Mr. Alexander looked up at the office building. Surely that was new? He glanced at Ms. Sharp, walking beside him. Ms. Sharp was unperturbed. Should he ask her about the large gray metal box, with the three turrets and smokestack? He was certain that it hadn’t been there earlier this week. It looked like the kind of addition that required contractors with tool belts and large machinery. It must have always been there, because he would have noticed a crane.

Ms. Sharp flicked her eyes sideways at her companion. Why hadn’t she ever noticed that addition? But she was afraid that inquiring would make her seem foolish and unobservant, so she didn’t.

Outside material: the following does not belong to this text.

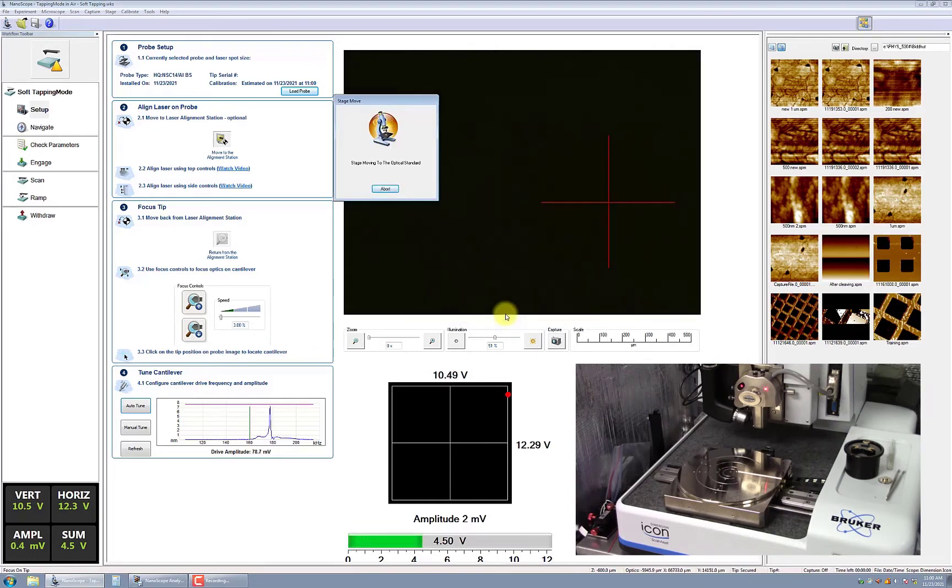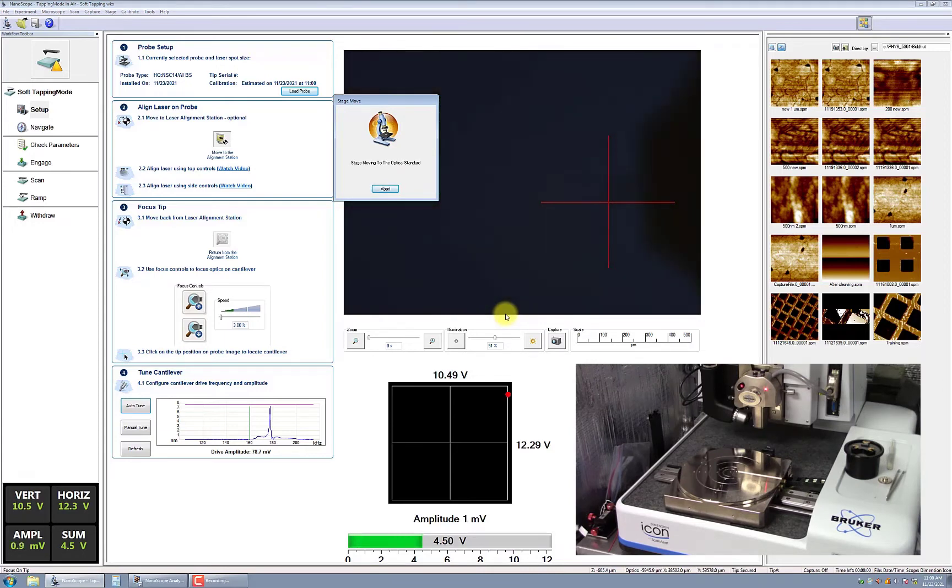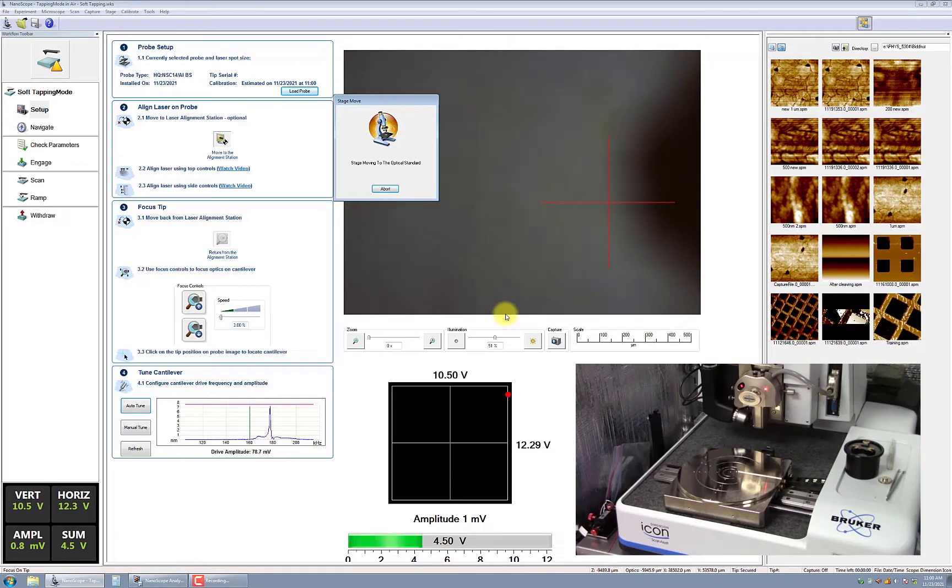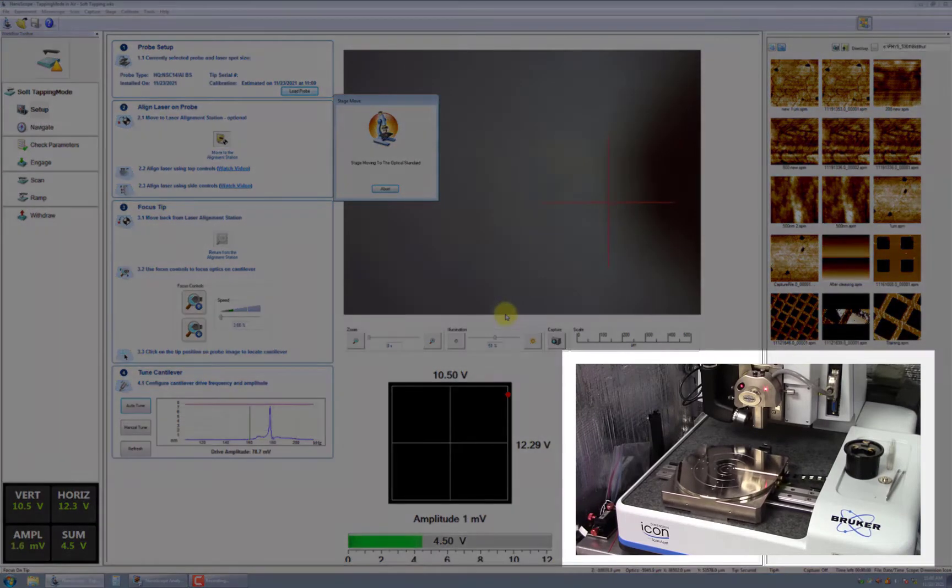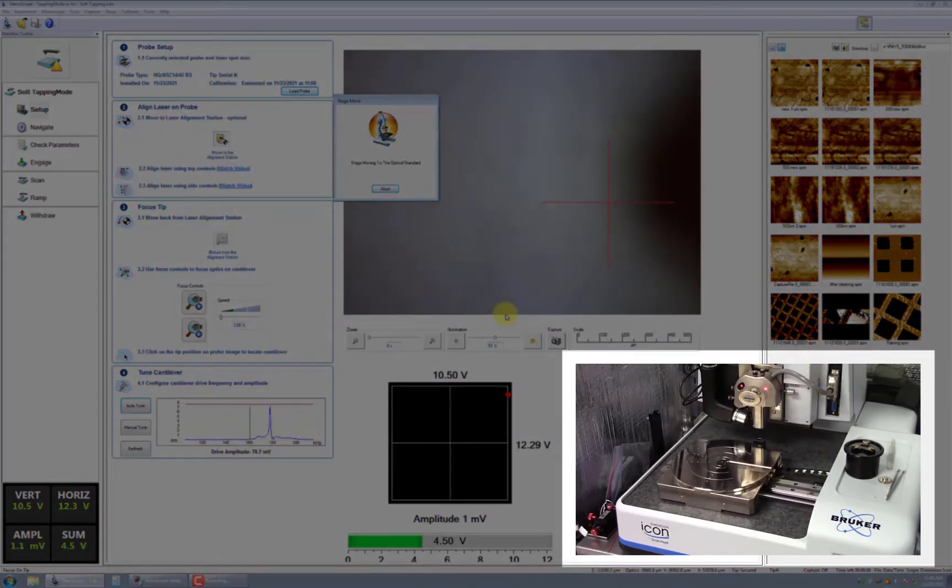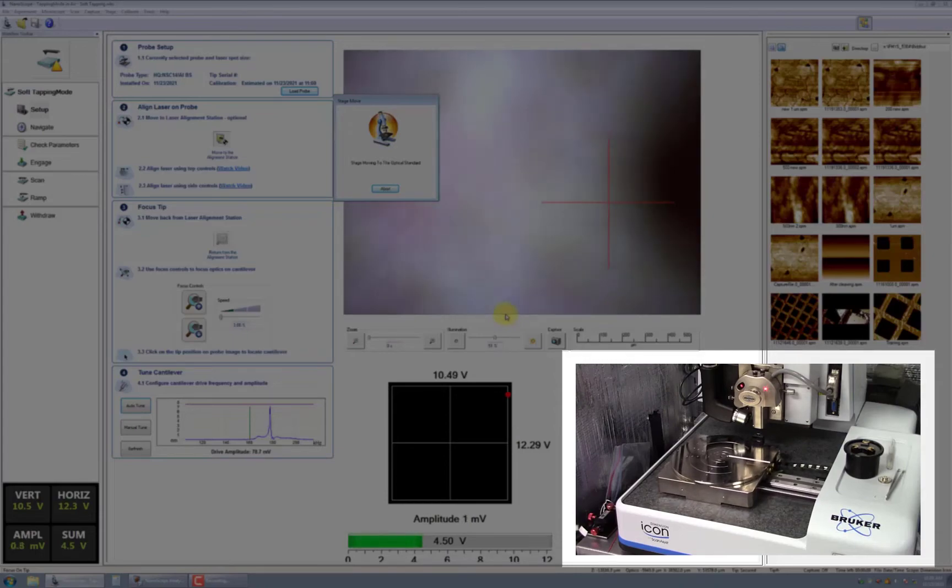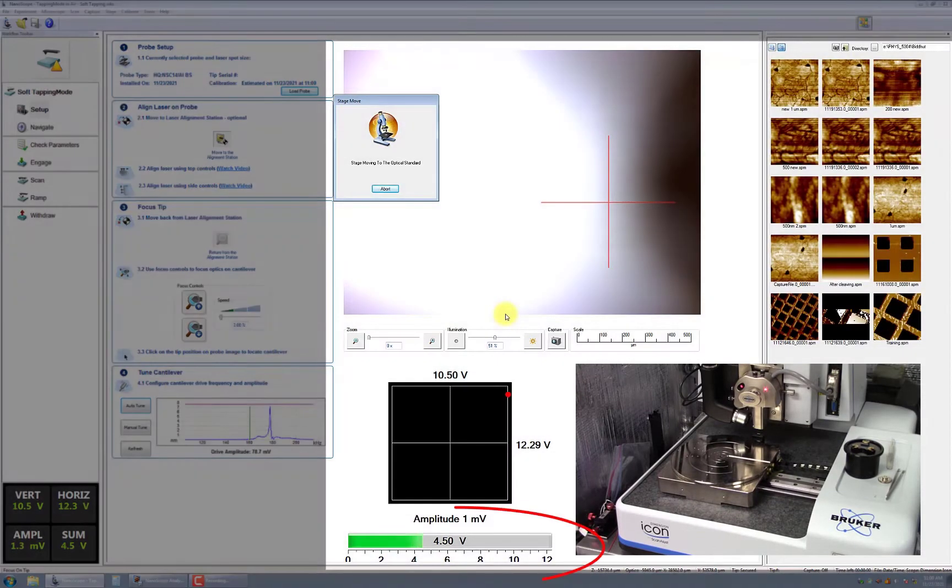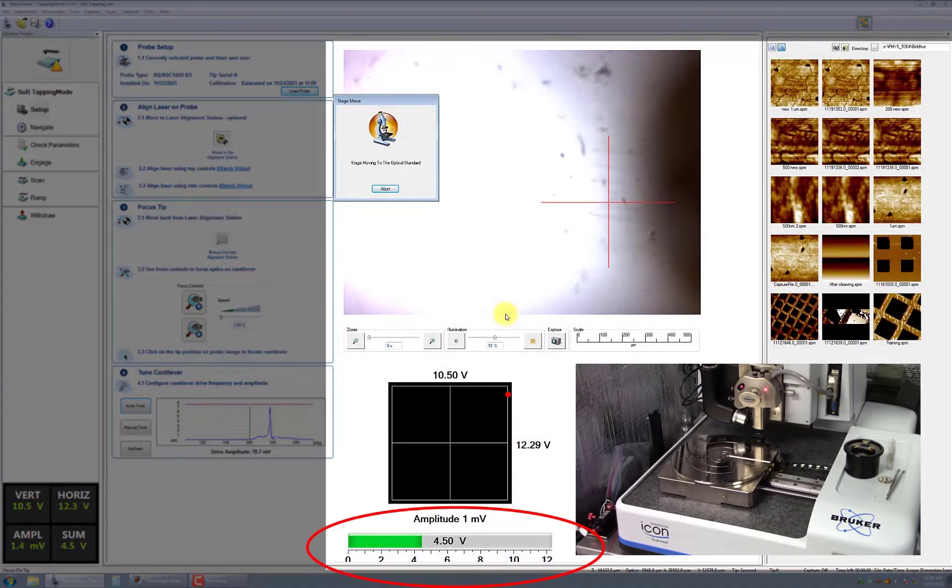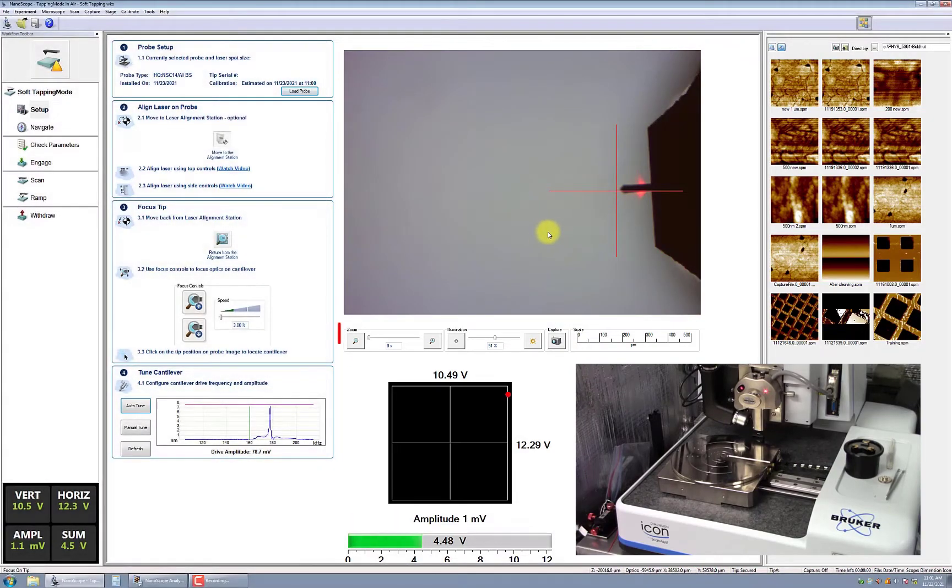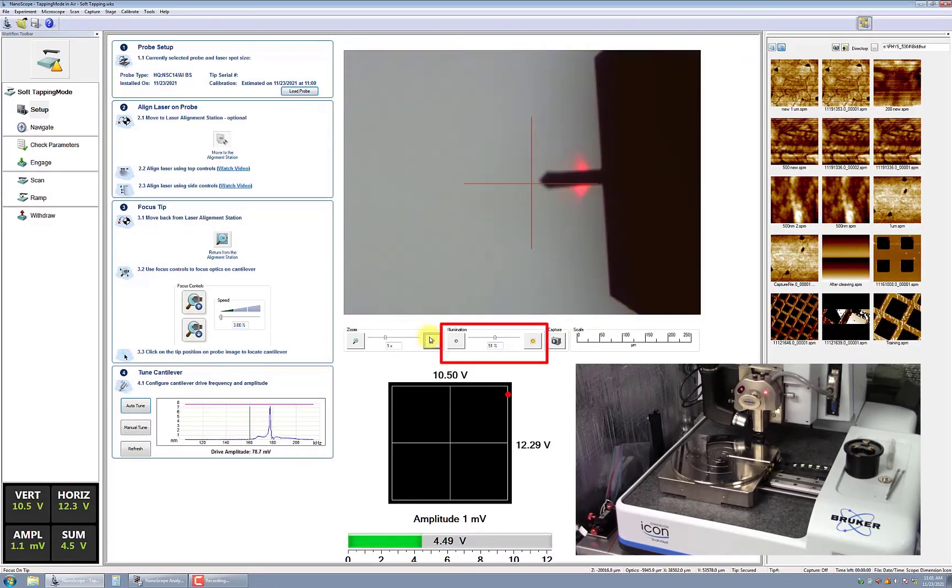In some advanced techniques, there are specialty probe holders that are not suitable for use in the alignment station. The application notes for these techniques will specifically highlight to users if you cannot use the alignment station. After clicking Yes, you will notice that the mirrored alignment station is moved directly under the scan head. Position the cross close to the tip. This is important because the cross determines the origin when you zoom in. You can zoom in 1x or 2x and adjust the illumination as needed.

The time-travellers had seen this before, around the globe and throughout history. Just like tying a firecracker to a cat’s tail, but the cat never noticed. Eventually someone would ask, but by then it was always too late.

Frogs

Soft splats all around me, and I’d forgotten my umbrella again. I brushed a frog from my shoulder and reached down to dislodge another from the German shepherd. The poodle snapped at a falling amphibian. The Airedale just looked disgruntled. At least it wasn’t blood this time. The dogs had tracked that all over the house. The stains would probably never come off the floors.

I came up with this clever scheme after getting laid off: gullible people paying me up front for the security of knowing their pets would be cared for after the Rapture. Even good dogs don’t go to Heaven. Lots of them did pay me. Now I was stuck with the consequences: dogs, cats, hamsters. I’m glad I said no to the donkeys, even when their owner offered to pay double.

I thought I was so smart, but I don’t even like animals all that much.